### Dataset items
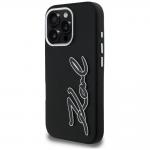 Husa Karl Lagerfeld FW Grained Signature Logo compatibila cu iPhone 16 Pro, Negru 3 - lerato.ro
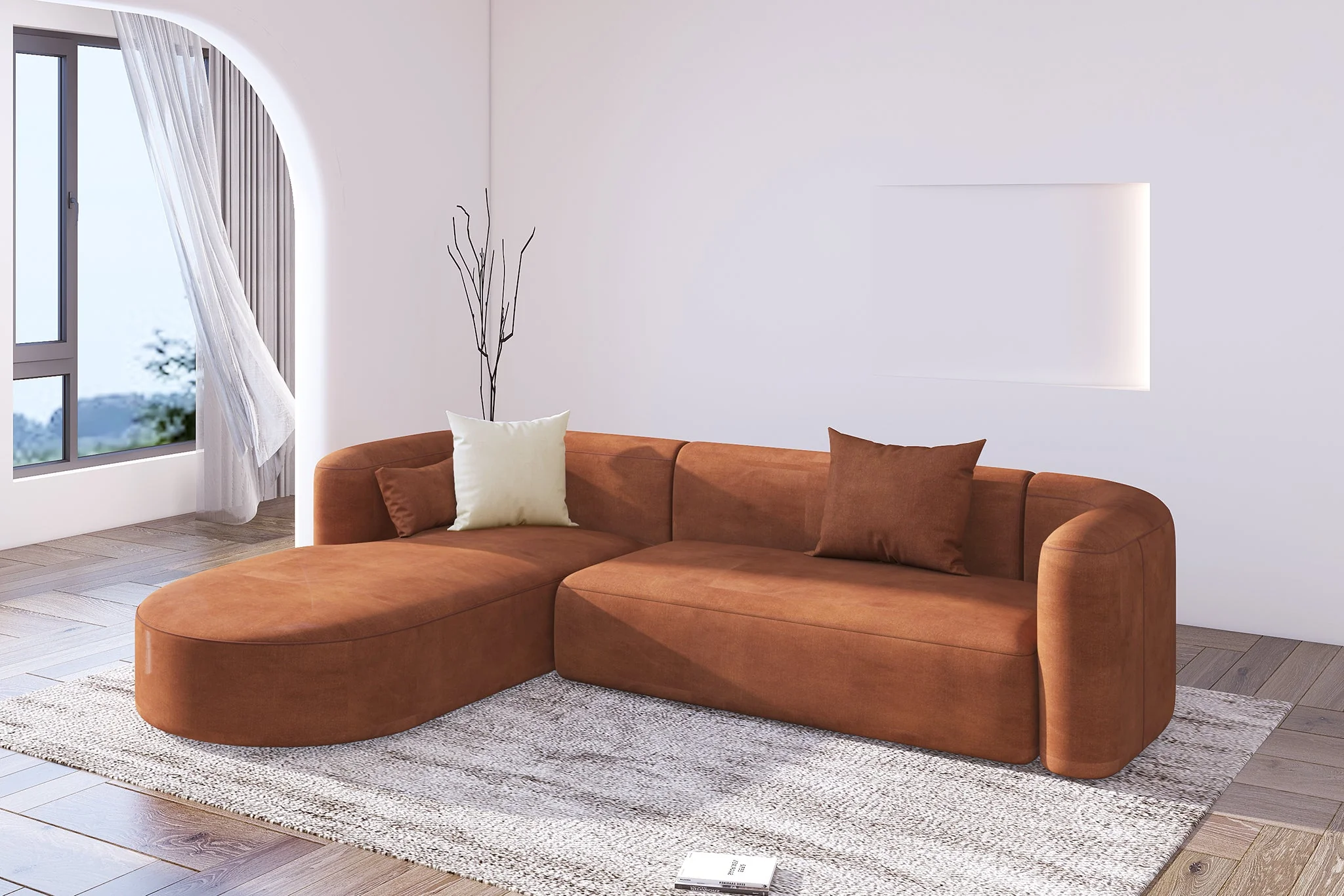 Mellow Velvet Curved 2-Piece Chaise Sectional / 3-Seater Couch Sofa / Lounge Chair - Image 41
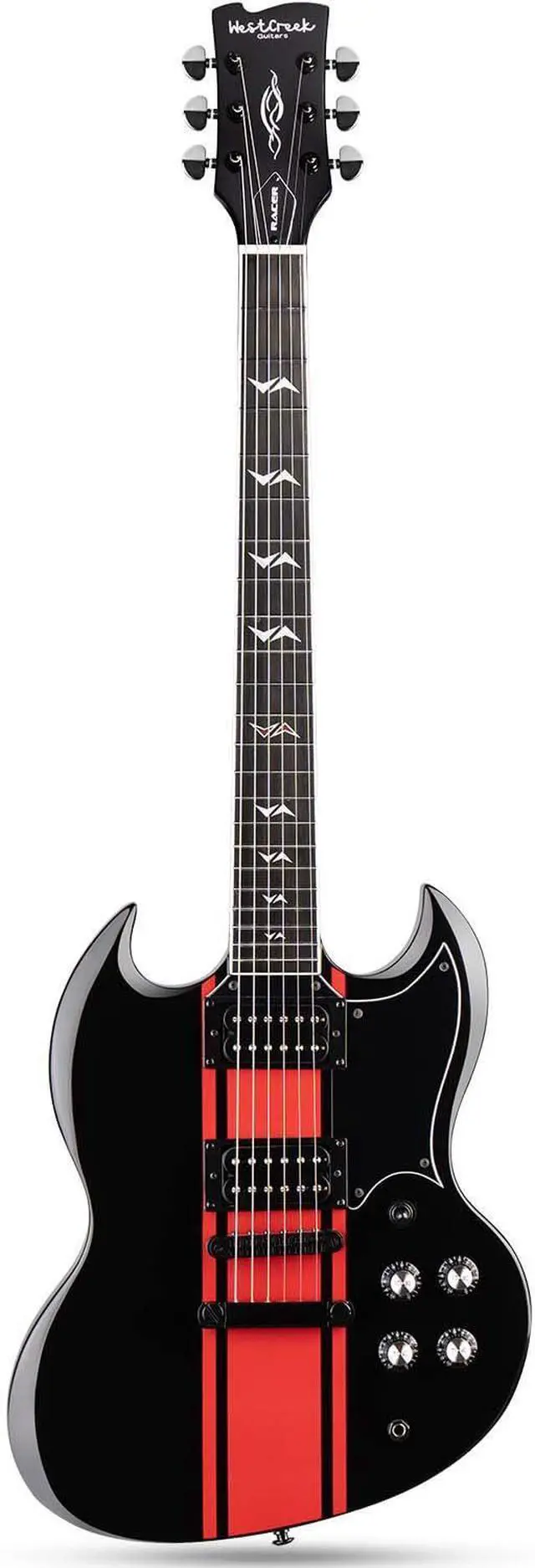 Main image of WestCreek RACER Solid Body Electric Guitar | Rounded End Frets, Bone nut, Rosewood Fingerboard, Mahogany Body (Black-Red Stripe)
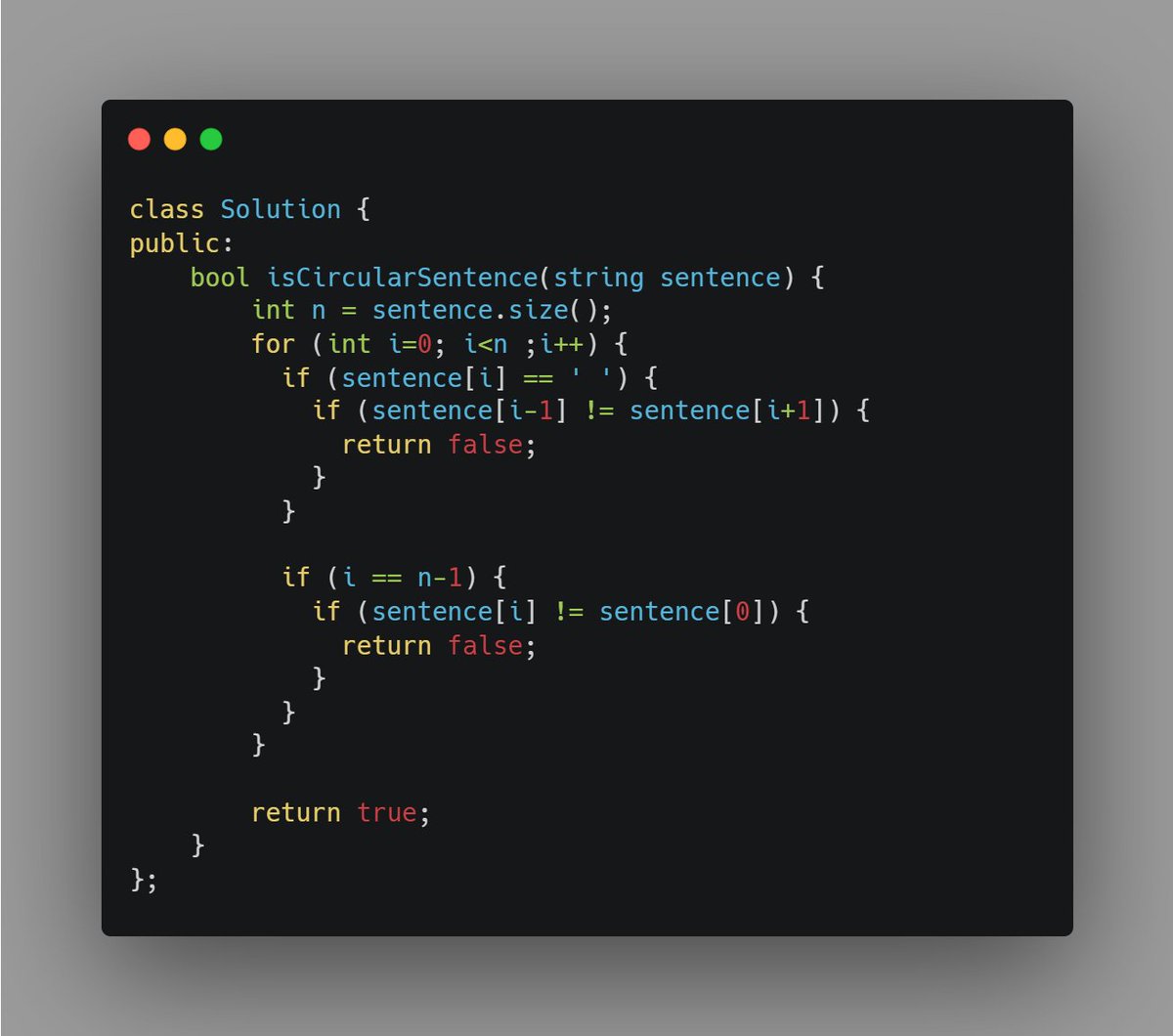 ifaldziah's tweet photo. Day 238 of #OneDayOneLeetCode | Easy
Looping string, tiap nemu white space cek karakter sebelum sama sesudah nya sama atau ngga, kalau beda langsung return false, cek juga buat karakter terakhir & awal harus sama.
https://t.co/dUwV6NXsXs
#DailyLeetCodeChallenge https://t.co/0f2AlSc18Z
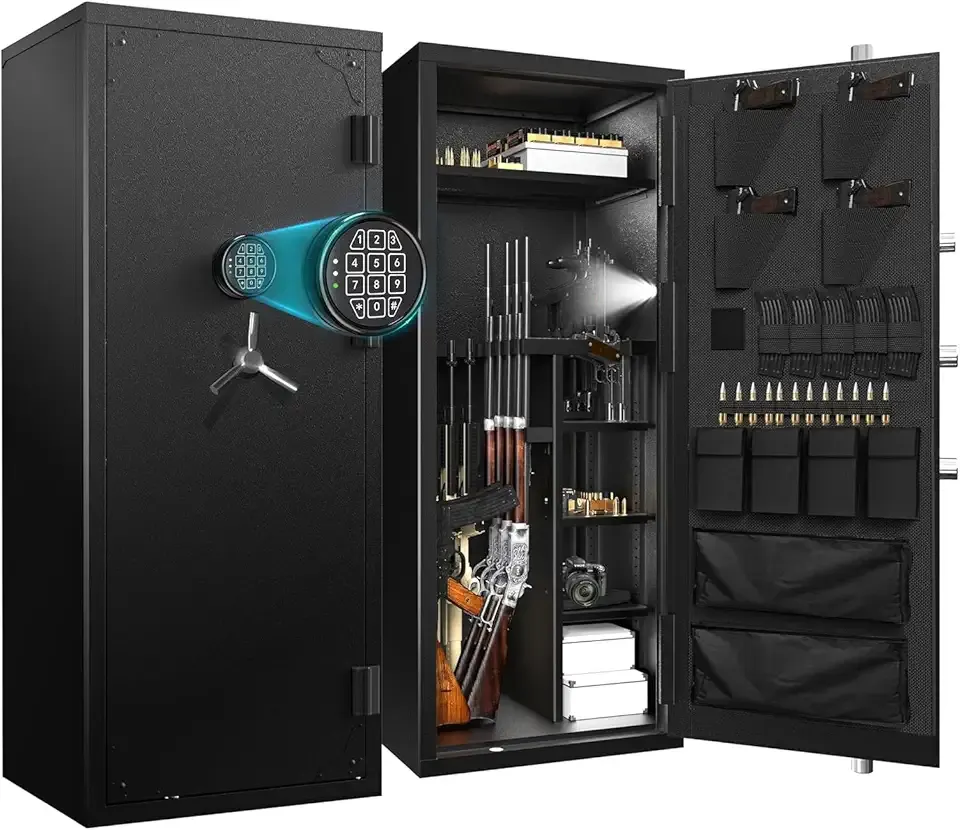 Large Rifle Safe, 30 Gun Safe for Rifle and Shotgun/Rifle Pistol Rack/Storage Pocket/Removable Shelf/Silent Mode/External Battery/Key/LED,180° Open Door Panel Organizer Unassembled Gun Safe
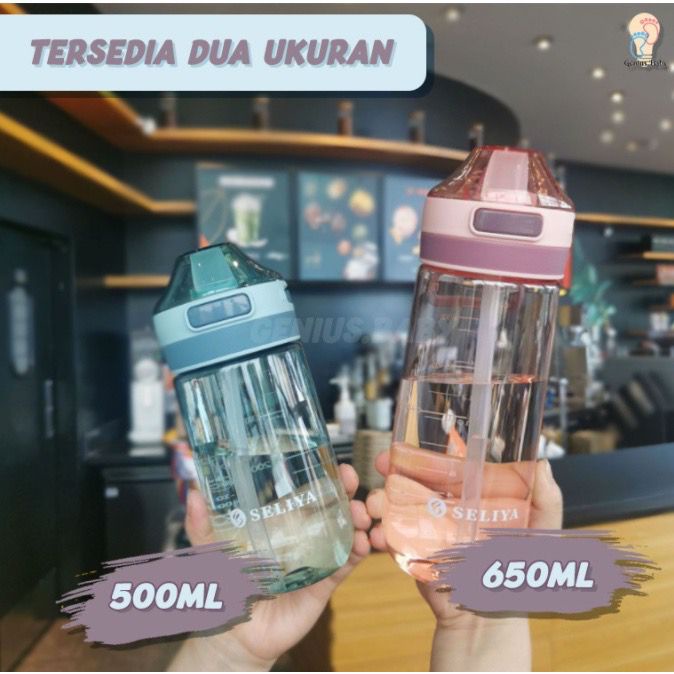 H7690 H7691-1 Botol Minum Portable Seliya Botol Olahraga Kantor Sekolah 500ml 650ml Dengan Sedotan Anti Tumpah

### Assignment
Word for word, repeat all of the entries above, leaving out the pictures.

### Answer
 Husa Karl Lagerfeld FW Grained Signature Logo compatibila cu iPhone 16 Pro, Negru 3 - lerato.ro
 Mellow Velvet Curved 2-Piece Chaise Sectional / 3-Seater Couch Sofa / Lounge Chair - Image 41
 Main image of WestCreek RACER Solid Body Electric Guitar | Rounded End Frets, Bone nut, Rosewood Fingerboard, Mahogany Body (Black-Red Stripe)
 ifaldziah's tweet photo. Day 238 of #OneDayOneLeetCode | Easy
Looping string, tiap nemu white space cek karakter sebelum sama sesudah nya sama atau ngga, kalau beda langsung return false, cek juga buat karakter terakhir & awal harus sama.
https://t.co/dUwV6NXsXs
#DailyLeetCodeChallenge https://t.co/0f2AlSc18Z
 Large Rifle Safe, 30 Gun Safe for Rifle and Shotgun/Rifle Pistol Rack/Storage Pocket/Removable Shelf/Silent Mode/External Battery/Key/LED,180° Open Door Panel Organizer Unassembled Gun Safe
 H7690 H7691-1 Botol Minum Portable Seliya Botol Olahraga Kantor Sekolah 500ml 650ml Dengan Sedotan Anti Tumpah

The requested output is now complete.